Subcommittee Supports and Reviews Hybrid Technologies for Medium- to Heavy-Duty Commercial Trucks
(Washington, DC) – Today, the House Science and Technology’s Energy and Environment Subcommittee held a hearing to examine the state of developing hybrid technologies for medium- to heavy-duty commercial vehicles applications. Specifically, Subcommittee Members reviewed industry partnerships and the Department of Energy’s (DOE) support in R&D of these systems and draft legislation.
“Skyrocketing costs of fuels have had a devastating impact on America’s truckers by driving up the cost of business, which we all pay for at the supermarket,” said Subcommittee Chairman Nick Lampson (D-TX). “Heavy commercial trucks are pervasive throughout our economy. From school buses to trash collectors, utility trucks to delivery vans, long-haul tractor trailers to road work equipment, one would be hard pressed to identify an aspect of our daily life that did not intersect with medium- to heavy-duty trucks. Developing technology to increase their fuel economy will lower prices for consumers on everything from groceries to medicine to children’s toys.”

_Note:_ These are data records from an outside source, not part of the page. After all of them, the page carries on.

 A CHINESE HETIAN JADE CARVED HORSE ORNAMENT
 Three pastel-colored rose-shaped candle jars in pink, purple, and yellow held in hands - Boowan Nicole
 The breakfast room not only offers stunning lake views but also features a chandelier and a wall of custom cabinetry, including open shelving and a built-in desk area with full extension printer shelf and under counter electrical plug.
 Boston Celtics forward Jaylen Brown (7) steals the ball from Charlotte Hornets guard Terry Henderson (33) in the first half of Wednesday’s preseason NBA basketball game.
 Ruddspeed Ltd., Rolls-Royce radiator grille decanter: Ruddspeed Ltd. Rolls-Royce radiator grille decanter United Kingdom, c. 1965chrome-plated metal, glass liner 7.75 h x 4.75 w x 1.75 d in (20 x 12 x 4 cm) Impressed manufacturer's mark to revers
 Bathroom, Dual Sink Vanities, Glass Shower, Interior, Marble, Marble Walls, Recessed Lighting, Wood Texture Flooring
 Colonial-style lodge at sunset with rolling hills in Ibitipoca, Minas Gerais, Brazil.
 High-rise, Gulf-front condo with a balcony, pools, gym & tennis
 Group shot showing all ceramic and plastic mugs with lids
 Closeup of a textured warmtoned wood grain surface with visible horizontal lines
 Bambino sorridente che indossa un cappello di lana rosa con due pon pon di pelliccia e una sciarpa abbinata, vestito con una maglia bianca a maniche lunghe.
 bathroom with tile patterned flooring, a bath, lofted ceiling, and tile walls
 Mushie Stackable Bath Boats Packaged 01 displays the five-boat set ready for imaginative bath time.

Witnesses testified about the considerable potential of hybrid systems in heavy-duty trucks to save energy and reduce emissions, the range of technologies and applications in the field, their experience with the federal agency research programs, and the major technical and market barriers for deploying these technologies.
In addition to generating less noise, reducing maintenance requirements, and allowing vehicles to run longer between fuelings, hybrid systems offer significant potential economic and environmental benefits. According to the Oshkosh Truck Corporation’s figures, the fuel consumption of the 90,000 refuse collection truck in the U.S. is equivalent to 2.5 million passenger vehicles. The Eaton Corporation estimates that as few as 10,000 hybrid electric trucks would reduce diesel fuel usage by 7.2 million gallons per year and reduce carbon dioxide emissions by 83,000 tons.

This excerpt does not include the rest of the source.